Some researchers believe that quantum computing could actually be useful starting at 50-100 qubits. D-Wave Systems has announced commercial quantum devices with 128 and 512 qubits, but these are not really quantum computers, but quantum annealers, which use different techniques. Companies like Google and NASA are using them. Another US team announced in July 2017 that they have built a device with 51 qubits, although this is not a quantum computer either, but a quantum simulator, which means that it cannot be programmed, it can just solve a single equation.

Another big problem is the difficulty of keeping stable the value of the qubits for some time (in the IBM machine it endures less than a tenth of a millisecond). If this is not achieved, errors are introduced in the calculations that would make quantum computers unreliable.

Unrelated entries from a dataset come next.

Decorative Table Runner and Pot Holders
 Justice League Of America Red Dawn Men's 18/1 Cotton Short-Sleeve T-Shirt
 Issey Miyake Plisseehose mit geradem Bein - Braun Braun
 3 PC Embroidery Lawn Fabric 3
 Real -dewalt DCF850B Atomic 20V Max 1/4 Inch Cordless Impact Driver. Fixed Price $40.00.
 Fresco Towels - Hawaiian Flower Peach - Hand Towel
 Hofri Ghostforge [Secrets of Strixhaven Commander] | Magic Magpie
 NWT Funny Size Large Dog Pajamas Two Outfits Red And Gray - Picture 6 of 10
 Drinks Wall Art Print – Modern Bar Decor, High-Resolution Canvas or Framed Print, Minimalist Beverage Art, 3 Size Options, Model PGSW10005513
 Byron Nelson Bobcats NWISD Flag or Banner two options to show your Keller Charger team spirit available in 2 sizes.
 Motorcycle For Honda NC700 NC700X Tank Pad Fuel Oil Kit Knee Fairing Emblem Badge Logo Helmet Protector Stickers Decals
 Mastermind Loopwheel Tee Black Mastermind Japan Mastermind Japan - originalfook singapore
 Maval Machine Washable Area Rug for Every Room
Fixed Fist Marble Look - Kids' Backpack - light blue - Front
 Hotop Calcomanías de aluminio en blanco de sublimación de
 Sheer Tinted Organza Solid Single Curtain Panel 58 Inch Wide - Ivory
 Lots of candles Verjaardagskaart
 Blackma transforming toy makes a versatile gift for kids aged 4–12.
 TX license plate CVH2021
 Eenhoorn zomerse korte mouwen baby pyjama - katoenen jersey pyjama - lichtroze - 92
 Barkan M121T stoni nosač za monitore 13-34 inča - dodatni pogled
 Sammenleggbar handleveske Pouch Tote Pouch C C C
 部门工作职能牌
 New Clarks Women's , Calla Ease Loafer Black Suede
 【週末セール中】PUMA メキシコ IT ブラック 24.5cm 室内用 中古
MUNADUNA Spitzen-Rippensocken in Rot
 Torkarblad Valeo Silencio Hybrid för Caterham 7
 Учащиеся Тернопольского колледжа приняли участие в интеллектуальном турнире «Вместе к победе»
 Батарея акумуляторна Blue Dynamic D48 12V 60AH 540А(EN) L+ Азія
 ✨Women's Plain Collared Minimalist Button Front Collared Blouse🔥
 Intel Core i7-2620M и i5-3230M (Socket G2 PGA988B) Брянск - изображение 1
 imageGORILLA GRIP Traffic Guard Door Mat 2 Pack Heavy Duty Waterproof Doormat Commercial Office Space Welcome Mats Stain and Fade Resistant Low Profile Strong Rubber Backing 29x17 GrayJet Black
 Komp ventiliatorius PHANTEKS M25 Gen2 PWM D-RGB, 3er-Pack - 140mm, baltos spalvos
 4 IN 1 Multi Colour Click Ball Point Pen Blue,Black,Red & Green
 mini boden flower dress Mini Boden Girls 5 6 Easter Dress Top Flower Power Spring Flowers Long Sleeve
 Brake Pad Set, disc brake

Some think that correcting those errors will require multiplying the number of qubits by 10, 100 or even 1000. A full-error-corrected quantum computer may need millions of qubits, which is now far away.
In short: progress is being made, but the commercial use of real quantum computers is still a long way off. On the other hand, despite what some say, it has not been convincingly proved that quantum computers actually provide dramatic speed increases in solving specific problems. In theory it is so, but theory is different from practice.